Then the knight dismounted her and said, “Wife, are you gasping for breath?” – “Oh no, lord!” she replied. He said further, “This is a pretty field, here you can go at ambling-pace.” She said, while crawling onwards on her hands and knees, “I shall do it willingly. Many horses run around my father’s courtyard, and I’ve learnt ambling-pace from them.”

“So will you do everything I want?” asked the knight, and she replied, “And if I should live a thousand years, I would do whatever pleased you!” Then he bid her stand up and took her gently by the hand and courteously led her home to his castle, where his friends were assembled; they greeted her with reverence and escorted her to her chamber. All was done with great joy, and the woman was the most delightful wife, respectable and well-bred, without cunning or deceit, faithful, quiet, gentle – no virtue was wanting in her. She received her guests cordially and cheerfully, and she carried out the wishes of her lord and husband without hatred or resentment, as a worthy wife should.

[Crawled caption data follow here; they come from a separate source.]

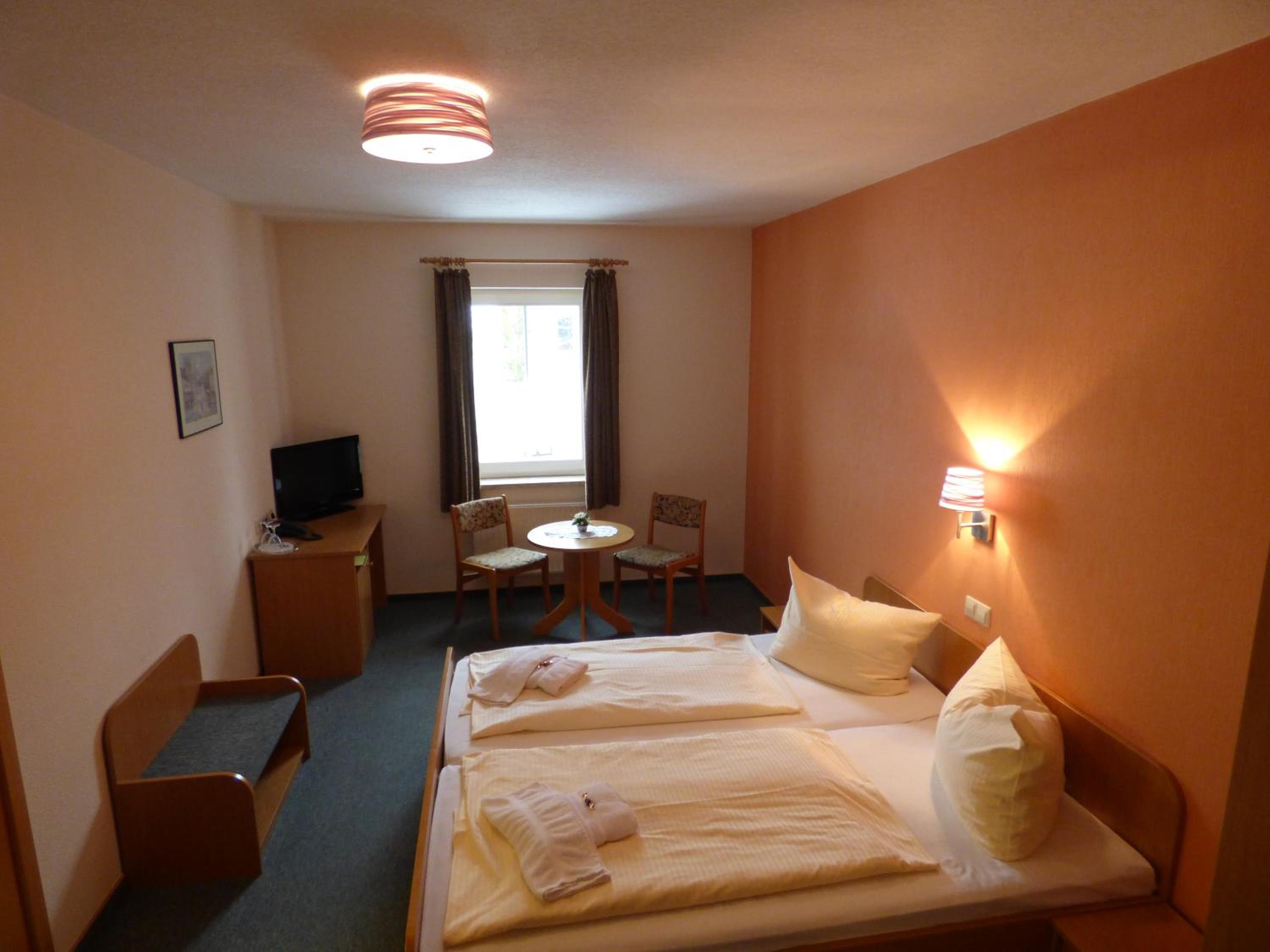 Double Room - Photo 5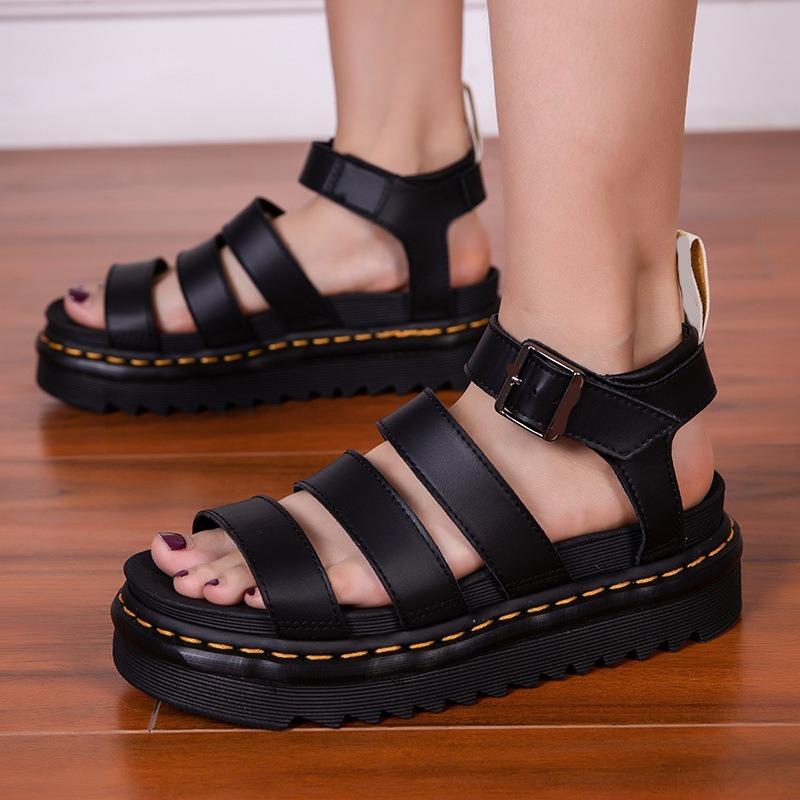 Женские мягкие лакированные сандалии-гладиаторы, женская пляжная обувь, летняя новая обувь, женские сандалии, студенческие туфли на плоской платформе fgh6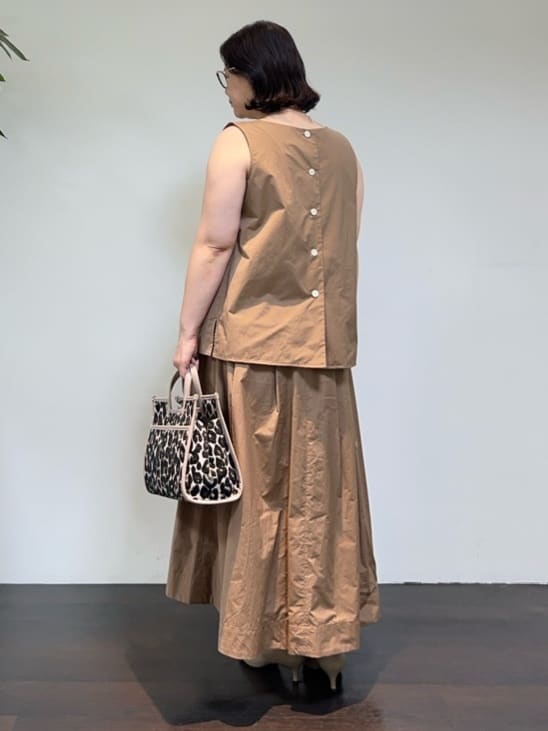 Asamiさんの「UNTITLED｜【後ろウエストゴム/セットアップ可】ファブリカタックスカート」を使ったコーディネート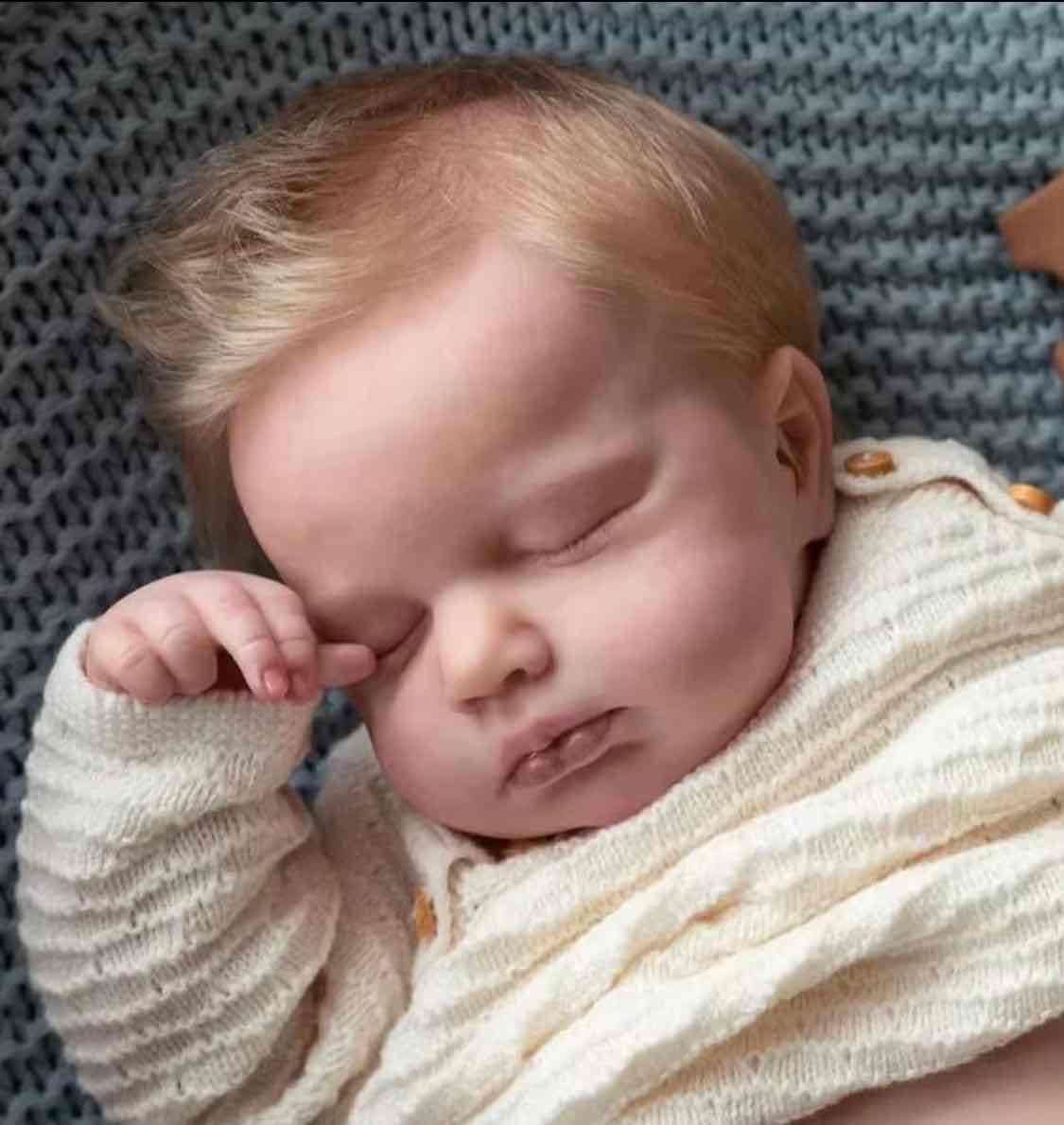 Bebé real reborn realista de silicon lavable - miniatura 4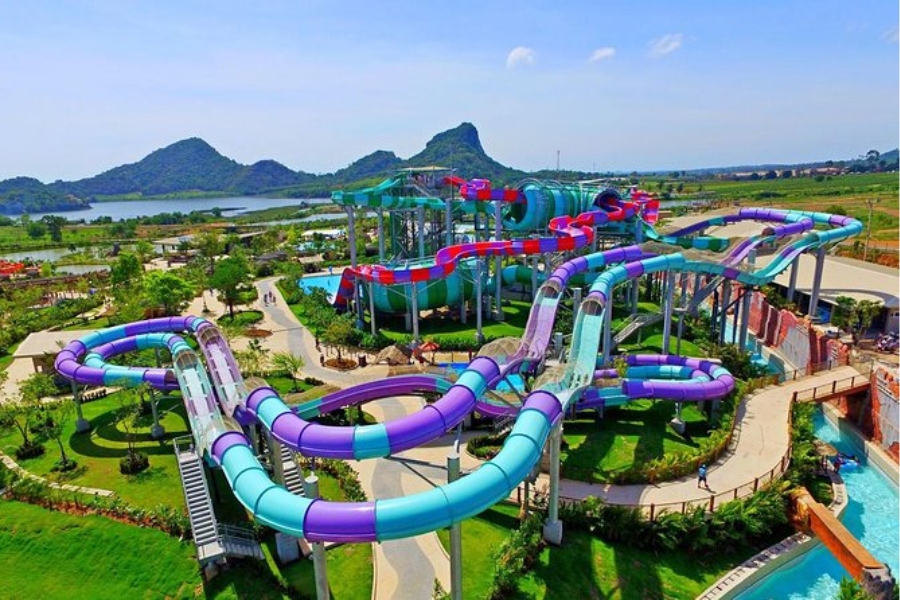 As the biggest waterpark in Thailand, Ramayana Waterpark attracts both tweens and teens coming each year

Now when six weeks had passed, the young wife’s father and mother visited their daughter to see how she was faring and how she was comporting herself. Soon enough did the mother learn what had happened, and how her daughter obeyed her husband; and she scolded her angrily, shouting at her: “Oh, a curse upon you, unhappy woman! What I have had to see and hear makes me doubt that you are my child. What? You let your husband be your master?” And with these words the wicked mother struck her daughter in the face, and then everywhere else she could, took her by the hair and tore at it, and beat and chid, kicking up a terrible row. The young wife wept and yelled, “If you have come here to scold, at least wait until you have found cause! I have the best of all men and he is good and honest, but if anyone does not do his will, he goes for the jugular in his wrath. Therefore, mother, show good sense and take care not to speak ill of him, for he is so irascible that everything which goes against his will he adjudicates and annihilates in his fury.”

“Oho! Tomorrow is another day!” jeered the mother. “However bad your husband may be, it does not cause me the slightest concern! I don’t give a fig for him! You silly goose! The Devil must have got inside your head for you to dare to threaten me, your mother, with your husband!”

“Mother, I’m not threatening you!” the daughter said in self-defence. “I’m just telling you the truth; I really must advise you to give my husband a better greeting, for if you intend to do to him as to my father, then he will beat your back black and blue, and although you don’t have much hair left, there’s still enough of it for him to tear out!”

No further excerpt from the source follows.